I felt like someone had just given away the twist in an M. Night Shyamalan movie. I felt like a kid who just learned that it was my Dad who ate the cookies by the chimney on Christmas Eve. What a rip off! What a con job! Is this what it’s like to be a grown up, because if it is, I don’t want it! I want to be Peter Pan! I want to fly!
So I stood up and shouted, “Hey, John Carney – I can see your hands doing sneaky stuff behind that board! What the fuck?!! You’re not magic, John Carney! You’re a jerk! That hole in the board isn’t a doorway inviting us to another world – it’s our throats and that ball is the lies you’re shoving down them! Well, fuck that, John Carney!!” Then I stormed out as the rest of the audience burst into applause.

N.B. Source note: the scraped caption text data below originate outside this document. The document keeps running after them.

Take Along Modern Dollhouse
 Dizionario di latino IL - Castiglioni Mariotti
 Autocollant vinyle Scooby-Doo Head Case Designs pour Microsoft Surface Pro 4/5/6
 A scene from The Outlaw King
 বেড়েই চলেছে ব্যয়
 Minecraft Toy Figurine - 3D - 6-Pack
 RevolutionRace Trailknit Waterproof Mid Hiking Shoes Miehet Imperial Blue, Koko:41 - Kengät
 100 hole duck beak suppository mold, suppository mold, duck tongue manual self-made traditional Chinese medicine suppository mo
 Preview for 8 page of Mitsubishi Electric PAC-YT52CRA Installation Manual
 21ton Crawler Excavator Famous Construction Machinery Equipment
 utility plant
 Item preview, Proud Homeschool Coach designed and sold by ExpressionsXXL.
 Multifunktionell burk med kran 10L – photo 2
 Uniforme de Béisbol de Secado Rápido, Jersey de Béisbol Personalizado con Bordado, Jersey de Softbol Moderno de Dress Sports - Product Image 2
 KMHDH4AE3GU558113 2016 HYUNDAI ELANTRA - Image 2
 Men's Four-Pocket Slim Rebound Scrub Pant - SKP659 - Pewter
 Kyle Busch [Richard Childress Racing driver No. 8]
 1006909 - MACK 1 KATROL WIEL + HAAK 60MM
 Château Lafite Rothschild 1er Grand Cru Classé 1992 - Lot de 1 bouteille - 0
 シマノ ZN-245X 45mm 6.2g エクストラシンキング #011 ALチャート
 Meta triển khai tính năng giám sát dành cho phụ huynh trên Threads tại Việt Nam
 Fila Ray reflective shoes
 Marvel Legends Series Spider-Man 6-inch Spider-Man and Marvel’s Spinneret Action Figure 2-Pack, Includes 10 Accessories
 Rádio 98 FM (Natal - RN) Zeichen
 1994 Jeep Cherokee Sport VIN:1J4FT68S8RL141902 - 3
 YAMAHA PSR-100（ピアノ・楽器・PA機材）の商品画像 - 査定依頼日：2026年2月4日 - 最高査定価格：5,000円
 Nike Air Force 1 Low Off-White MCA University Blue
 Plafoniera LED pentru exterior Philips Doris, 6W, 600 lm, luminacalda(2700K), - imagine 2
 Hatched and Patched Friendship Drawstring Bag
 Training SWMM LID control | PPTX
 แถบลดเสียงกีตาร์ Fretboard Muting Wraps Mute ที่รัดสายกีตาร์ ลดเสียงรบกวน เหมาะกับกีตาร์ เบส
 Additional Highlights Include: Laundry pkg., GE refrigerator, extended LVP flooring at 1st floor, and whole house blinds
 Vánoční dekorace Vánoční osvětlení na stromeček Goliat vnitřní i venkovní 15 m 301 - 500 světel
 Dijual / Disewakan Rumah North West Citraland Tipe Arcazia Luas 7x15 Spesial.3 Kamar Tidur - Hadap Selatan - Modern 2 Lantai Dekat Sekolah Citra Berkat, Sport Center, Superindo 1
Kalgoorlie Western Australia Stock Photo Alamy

Ok, so that didn’t happen. But dammit if I wasn’t disappointed.
Then I looked over and saw my kids sitting beside me, staring up at the stage with their jaws dropped in amazement – from that moment on, Carney had them. Okay, I missed the moment myself, but they got it – and the quickest way to redeem yourself in a parent’s eyes is to give something to their kids.
And the second quickest way to redeem yourself is to put on
an awesome show, which he did, re-establishing himself in my mind as one of
the finest magicians of all time. (By the way, the girls ending up adoring
the show – way more than the one by Mr. Vegas-Helicopter-Lion-Butt Guy
– and I don’t think it had a thing to do with my prep.)
So that’s it – feel free to relate this experience to the implications implicit in Teller’s quotes. Please include analysis, definitions and musings on the state of magic today.